Nun ist das alles kein Buch mit sieben Siegeln – aber eben doch mit acht Anforderungen, die in vielen Organisationen so nur bedingt angesprochen werden können. Denn allzu oft überstrahlt der Glamour der modernen Arbeitswelt noch die damit verbundenen Pflichten. Noch verklären manch´ schöne Bilder aus dem Silicon Valley, dass auch dort tough Ergebnis und Performance eingefordert werden. Noch verheißen Scrum, Design Thinking etc. für viele die Machbarkeit aller Dinge, ohne sich der auch dort dahinterliegenden strikten Strukturen und Prozesse bewusst zu sein.

Die Digitalisierung wird ein Mehr an Delegation erfordern

Egal, welche Methoden man anwendet: Delegation erfolgt unter weitgehender Unsicherheit. Trotzdem das eindringliche Plädoyer: Wir leben und arbeiten in einer spannenden Zeit mit großartigen Möglichkeiten, um eben genau dieses Leben und diese Arbeit zu gestalten. Das sollten wir nutzen! Und das sollten wir zu würdigen wissen. Es ist für viele Arbeitsplätze und Berufe (noch) längst keine Selbstverständlichkeit. Nur sollte bedacht werden, dass auch in der neuen Arbeitswelt nicht nur Honey Moon vorherrscht und dass nicht alles in der „alten Unternehmenswelt“ schlecht war.

Gerade die Herausforderungen durch die Digitalisierung erfordern ein Mehr an Delegation, weil viele Entscheidungen vor Ort schneller und besser getroffen werden können. Nur sollte es nicht halbherzig geschehen – heute mal ein bisschen Delegation, so 64 % aber mit Rückversicherung. Man wird auch alleine sein bei manchen Entscheidungen, kann nicht immer alle partizipativ einbeziehen und auch nicht immer alle gleichzeitig informiert halten können.

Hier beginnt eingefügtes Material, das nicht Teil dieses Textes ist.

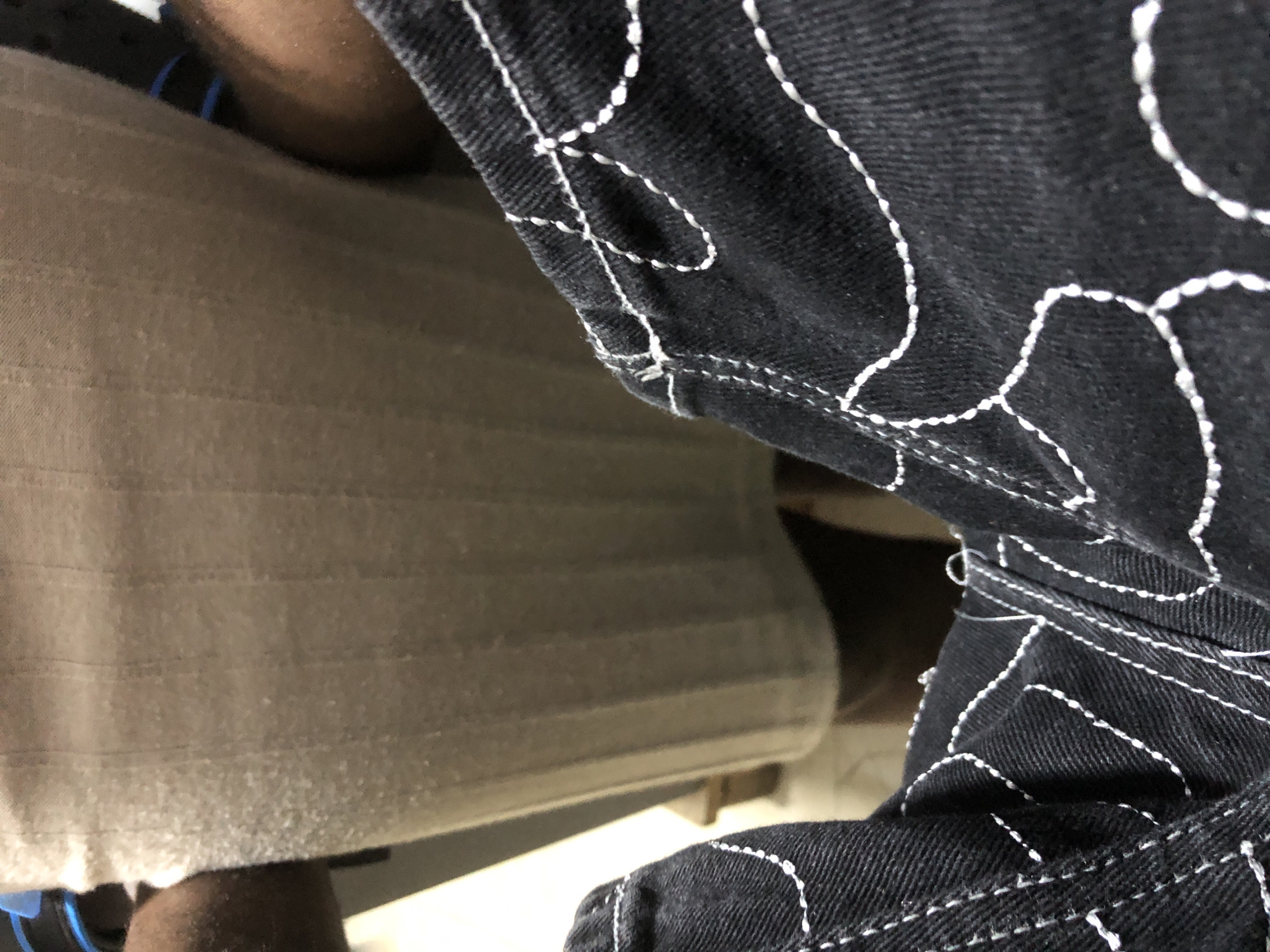 The image shows a close-up view of dark denim jeans with white stitching. The stitching forms an abstract, wavy pattern across the fabric. In the background, a person's legs are visible, wearing a tan-colored garment. The environment appears to be indoors, possibly in a building. The lighting is dim, casting shadows. There is no indication of the specific location within Ado, Nigeria, or any context to determine the action or interaction taking place.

Aber auch das ist nicht neu, damit mussten auch schon viele Nachkriegs-Unternehmer leben und entscheiden.

Ja, Geschwindigkeit ist im digitalen Zeitalter Trumpf. Ja, alle werden sich neuen Regeln mit Rechten und Pflichten auferlegen müssen. Ja, man wird seine eigene Arbeitseinstellung, seine Prioritäten und Erwartungen ständig hinterfragen müssen. Ja, man wird wohl auch Konflikte aus seinem Verhalten und die Konsequenzen aus seinen Entscheidungen aushalten müssen. Alles nicht bequem. Aber deshalb gleich zurück zum alten Führungsmodell mit Anweisung und Gehorsam? Deshalb in der Komfortzone bleiben? Mitnichten, denn die große Zeit der Delegation kommt jetzt erst gerade …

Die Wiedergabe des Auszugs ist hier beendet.